Thursday, December 15, 2016

THE ORPHAN SCRIVENER -- ISSUE # ONE HUNDRED AND TWO -- 15 DECEMBER 2016

This all-holiday edition of our newsletter is composed as fog-like snow squalls howl about the towers of Casa Maywrite. Wordsworth declared winter loved a dirge-like sound, which could well be the reaction of our subscribers when this latest issue of Orphan Scrivener appears on their virtual door-step, shakes snowflakes off its shoulders, stamps its feet on the doormat, and comes barging in....


ERIC'S BIT or MERRY MITHRAS

It's a rather well known little known fact that Jesus shares his birthday with the Roman God Mithra (or Mithras) and the later Roman emperors appropriated the celebration of the unconquered sun for Christmas to match their religious leanings.

The detective Mary and I write about, John, Lord Chamberlain to the sixth century emperor Justinian I, is a secret Mithran. He needs to keep his religious beliefs hidden because the Eastern Roman Empire was officially Christian. Justinian wasn't tolerant of Christians who didn't agree with orthodox views on such matters as the nature of Christ, let alone pagans.

A historian might quibble over whether a Lord Chamberlain -- we use the term Victorian translators employed to describe the position -- could have been a secret Mithran, but we're writing fiction and it's useful to have a protagonist who's somewhat of an outsider. Besides, our own high officials today get up to all sorts of antics in secret, to judge from the few we find out about.

There's also been doubt expressed as to whether the Mithraic religion survived until the sixth century, there being no record of it by then. To which we reply that it was a mystery cult which purposely left no record even during its heyday a few hundred years earlier.

Mostly it's the physical artifacts that survive -- the cave-like underground mithraeums where followers worshipped and the statuary and bas relief depictions of the god. There were no writings, no recorded liturgy. What little information we have is gleaned from church fathers who mentioned Mithraism in order to criticize it.
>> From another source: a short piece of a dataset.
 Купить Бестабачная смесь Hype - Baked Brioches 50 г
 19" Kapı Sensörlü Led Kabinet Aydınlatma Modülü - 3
Mithras is usually shown slaying a bull and so bull sacrifices have been postulated to be part of Mithraic ritual, although few surviving mithraeums would have been large enough to accomodate such a ceremony. The mithraeum beneath the grounds of the Great Palace in Constantinople had room, however, as rather graphically depicted in One For Sorrow.

We were chided about that scene once, told that the Mithrans had got a bad rap. They weren't so horrid as to kill bulls. That was just a myth. They probably sacrifice nothing larger than a chicken. As if chickens don't bleed!

Sacrifices aside, Mithraic virtues such as loyalty, bravery, and self sacrifice could pass for Christian. One of our conceits is that John, as a practicing Mithran who takes his religion seriously, acts in a more Christian manner than many of the Christians he encounters --people who call themselves Christians simply because it is the state religion.

John's elderly and devout servant Peter worries about his employer's soul, but insists, if pressed, that John merely chooses to call the Lord by a different name. Peter believes, as Mary and I do, that a person defines themselves by the way they live rather than what they say or how loudly they say it.

Merry Mithras!


NECESSARY EVIL or THE BSP TICKER

Due to technical difficulties, the previous Orphan Scrivener may not have reached some of our subscribers. However, it's now online and may be consulted on our website at http://home.earthlink.net/~maywrite/tos101.htm Meantime, here's the latest goings-on at Casa Maywrite....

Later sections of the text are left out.